Der simbabwische Carrier-Markt wird von TelOne (AS37214), dem staatlichen Festnetzbetreiber, und Econet Wireless (AS30969), dem dominanten Mobil- und Daten-Carrier, bedient. Africom (AS37553) und ZARNet bieten alternative Festnetzkonnektivität. Liquid Telecom (jetzt Liquid Intelligent Technologies, AS30844) betreibt einen erheblichen Teil von Simbabwes Glasfaser-Backbone und verbindet sich mit seinem breiteren subsaharischen afrikanischen Netz. Der meiste kommerzielle Internetzugang in Simbabwe ist mobile-first – Econet hat eine weitaus größere Teilnehmerbasis als jeder Festnetzbetreiber.

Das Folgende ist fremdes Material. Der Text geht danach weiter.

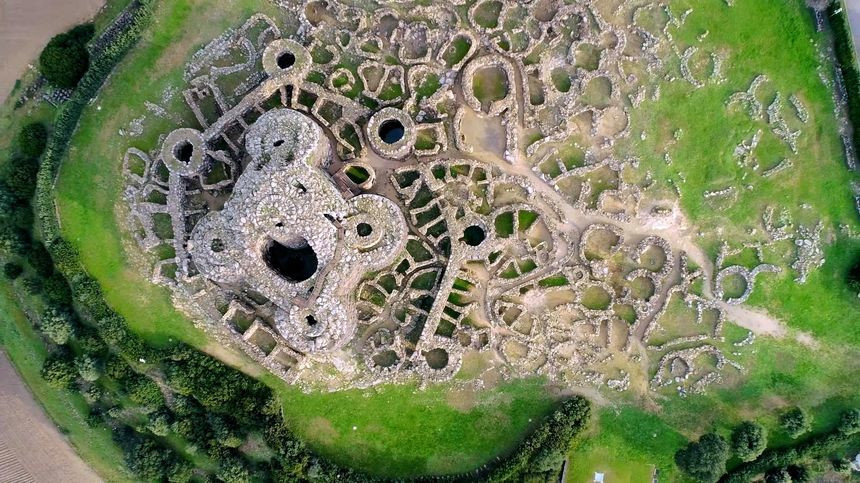 Vue d'un site et des tombes de la civilisation nuragique - @ GEDEON PROGRAMMES Vue d'un site et des tombes de la civilisation nuragique - @ GEDEON PROGRAMMES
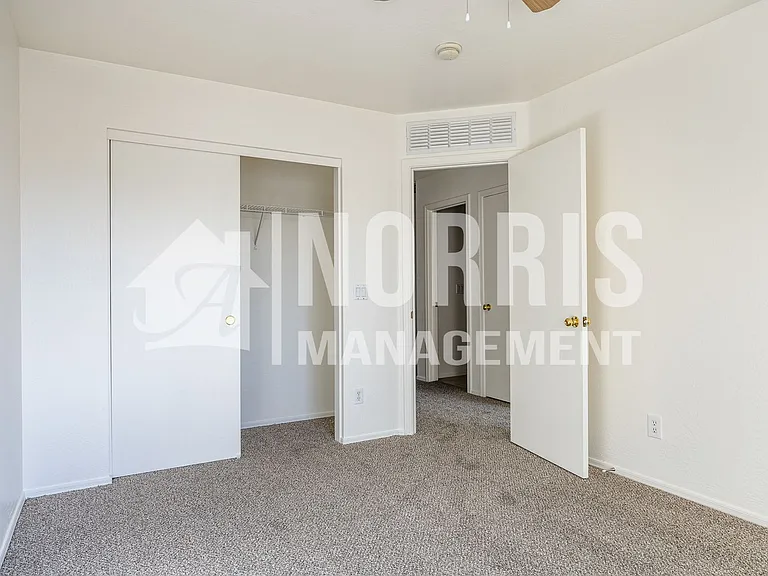 1632 E Cardinal Dr — Photo 15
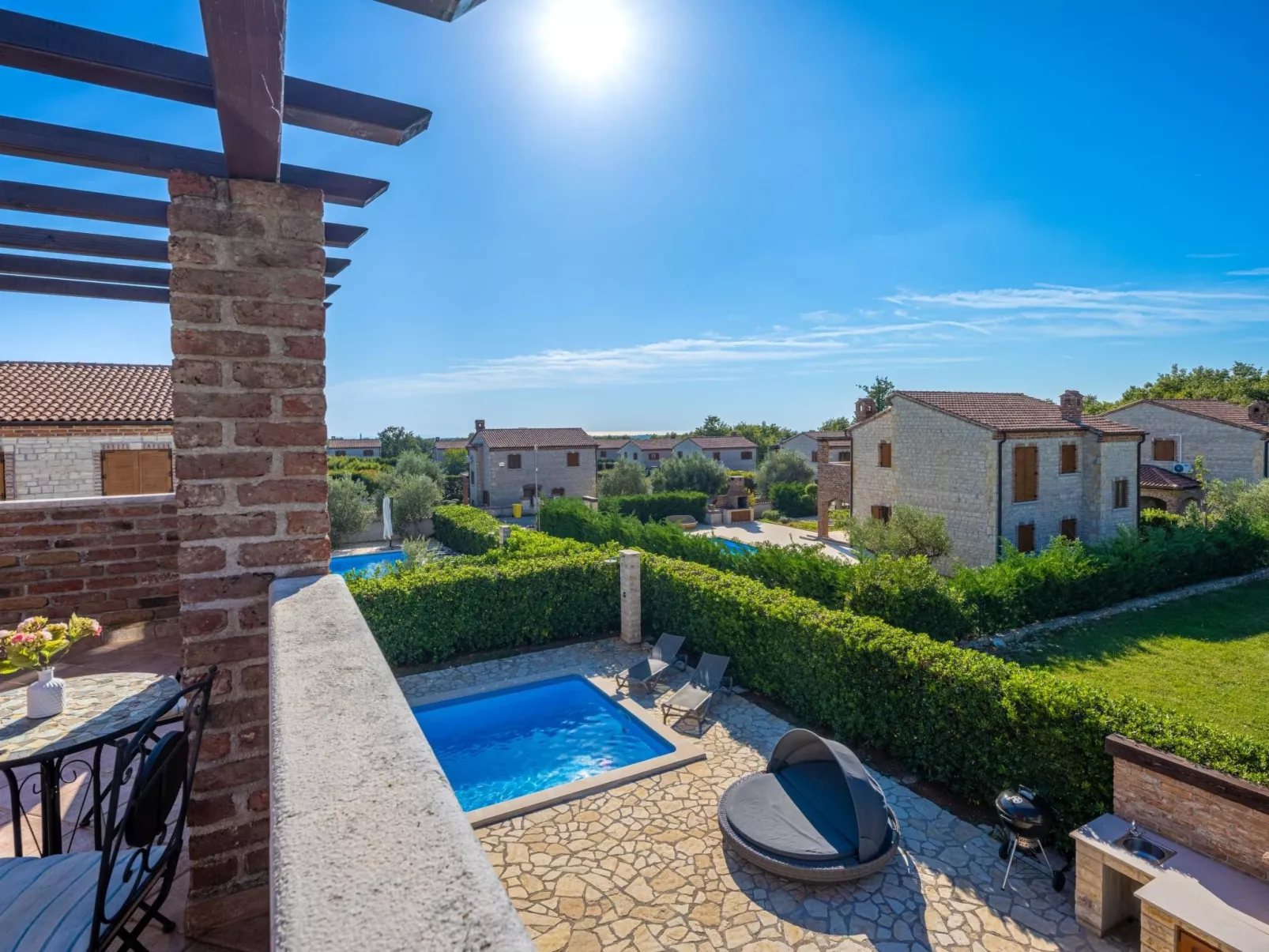 "Paradis 6" mit Whirlpool-Image-tags.info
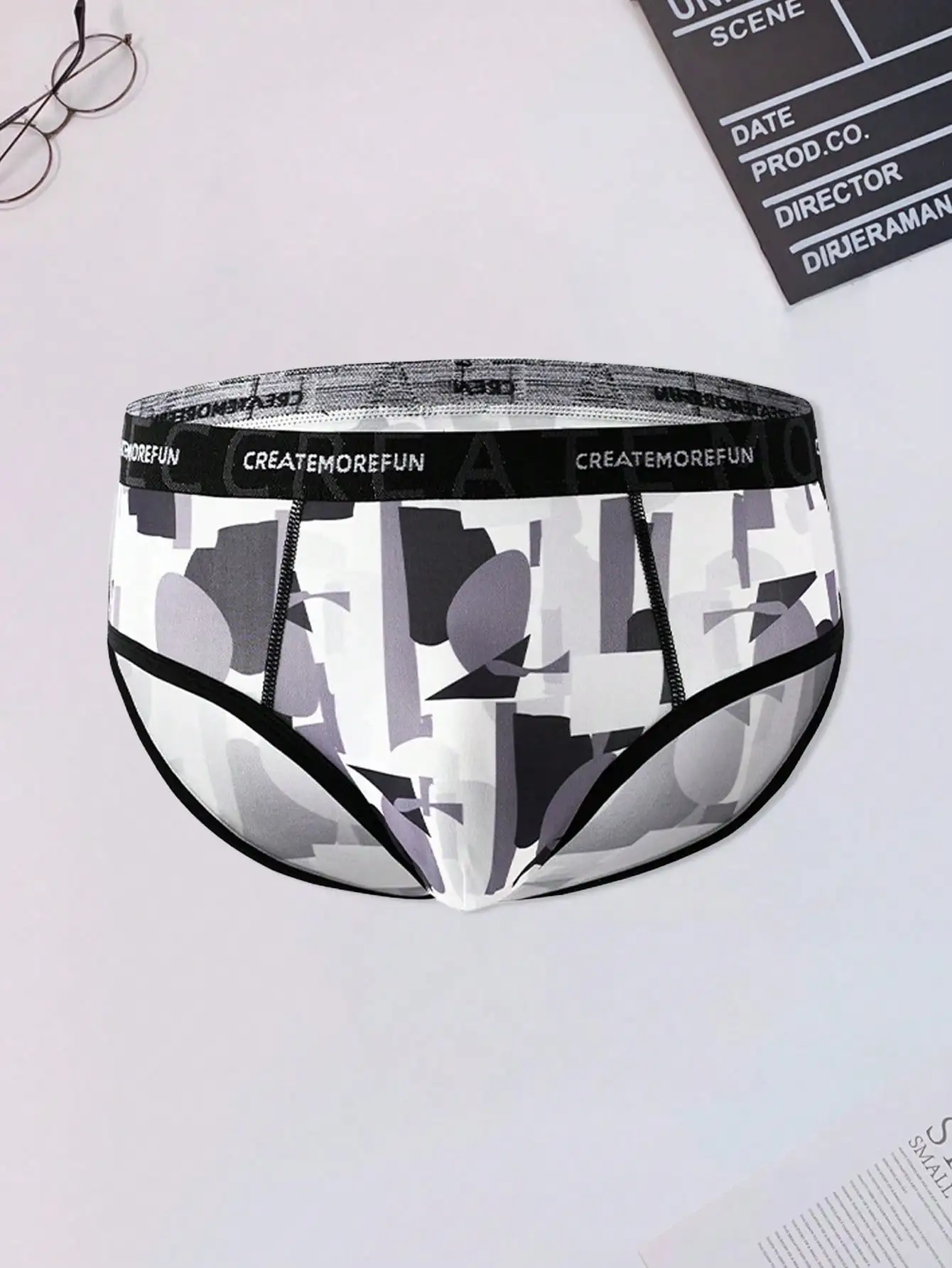 3PCS Printed mid waist men's brief  Breathable men's letters soft  lightweight  loose underwear Trendy and comfortable men's  pa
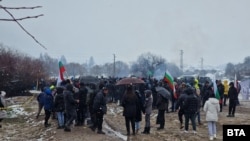 Хора са се събрали да пазят кошарите във Велинград и да попречат на властите да влязат в тях, 30 ноември 2024 г.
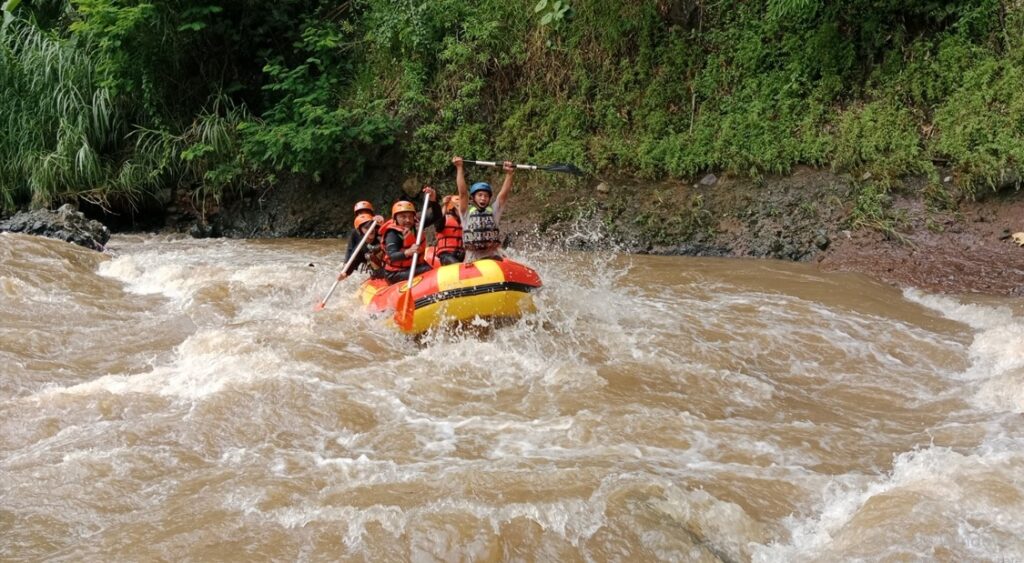 Tim BELANTARA yang merupakan Unit Kegiatan Mahasiswa Pencinta Alam (UKM PA) di Fakultas Pertanian Universitas Garut, berhasil mengarungi Hulu Sungai Cimanuk, pada kegiatan Hulu Cimanuk Expedition 2024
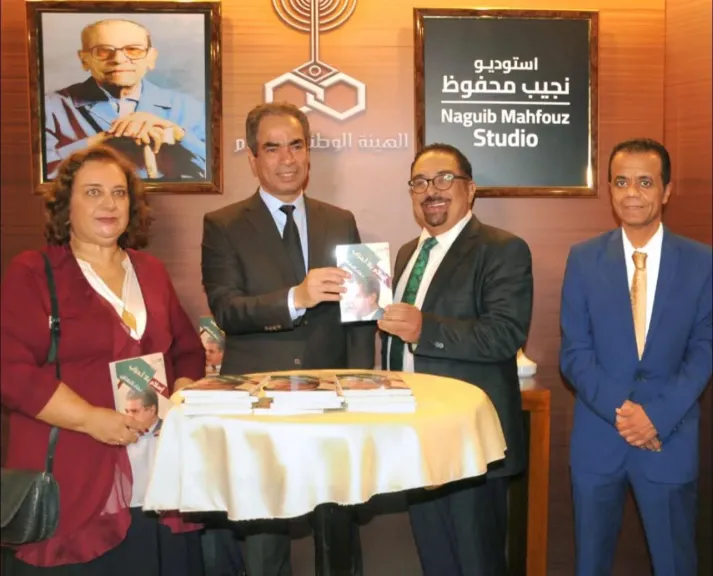 المخرج حسن عيسى ..إختيار كتاب” الإسلام بلا أحزاب ” رسالة فى مواجهة زمن الفتاوي السريعة والسوشيال ميديا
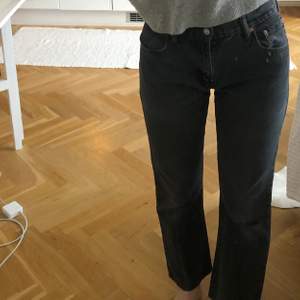 Mrökgråa Levis jeans, Modell 517, storlek W31 L34 (de är upplagda till en längd som 32:or. Ett hål på ett av knäna & de är upplagda sedan tidigare)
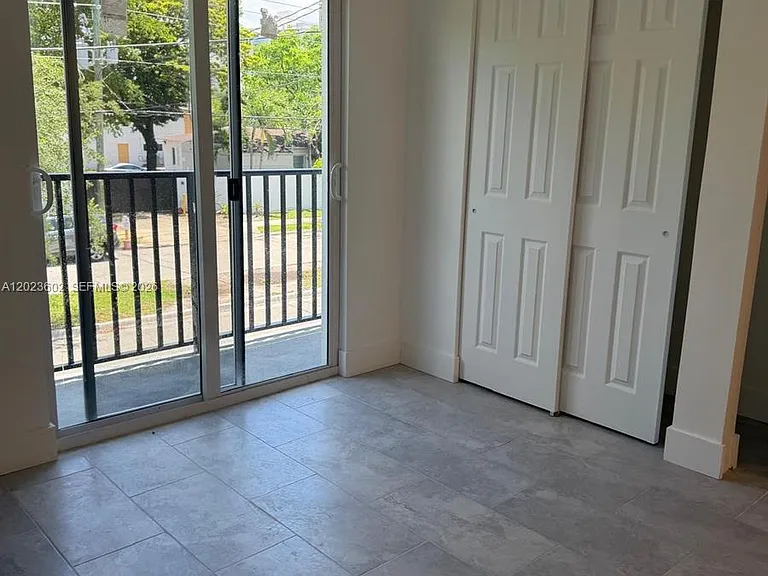 147 NW 59th St #306 — Photo 3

Simbabwes Internet-Penetration und Infrastrukturqualität haben sich im vergangenen Jahrzehnt verbessert, bleiben aber durch wirtschaftliche Faktoren eingeschränkt. Durchschnittliche Festnetzgeschwindigkeiten sind niedriger als bei regionalen Peers wie Südafrika oder Sambia. Last-Mile-Glasfaser-Deployment ist außerhalb des Zentrums von Harare begrenzt. Die Kombination aus Transit-Abhängigkeit von Südafrika und begrenzten Investitionen in das inländische Backbone bedeutet, dass die simbabwische Internet-Performance empfindlich auf Bedingungen auf der Harare-Johannesburg-Terrestrial-Link und der südafrikanischen IX- und Kabelinfrastruktur dahinter reagiert.

Ein Probe-Knoten in Simbabwe bietet einen Blick aus einem der weniger vernetzten Märkte des subsaharischen Afrikas. Ergebnisse aus Simbabwe sind nützlich für die Beurteilung, ob Dienste von südafrikanischen binnenländischen Märkten aus erreichbar sind und welche Latenz Nutzer auf südafrikanischen Transit-Pfaden erleben. Da der gesamte internationale Traffic über Johannesburg läuft, werden Ergebnisse aus Simbabwe und aus Südafrika für gut gepeerte Ziele oft ähnlich aussehen, wobei Simbabwe ungefähr 30 ms auf den südafrikanischen RTT addiert.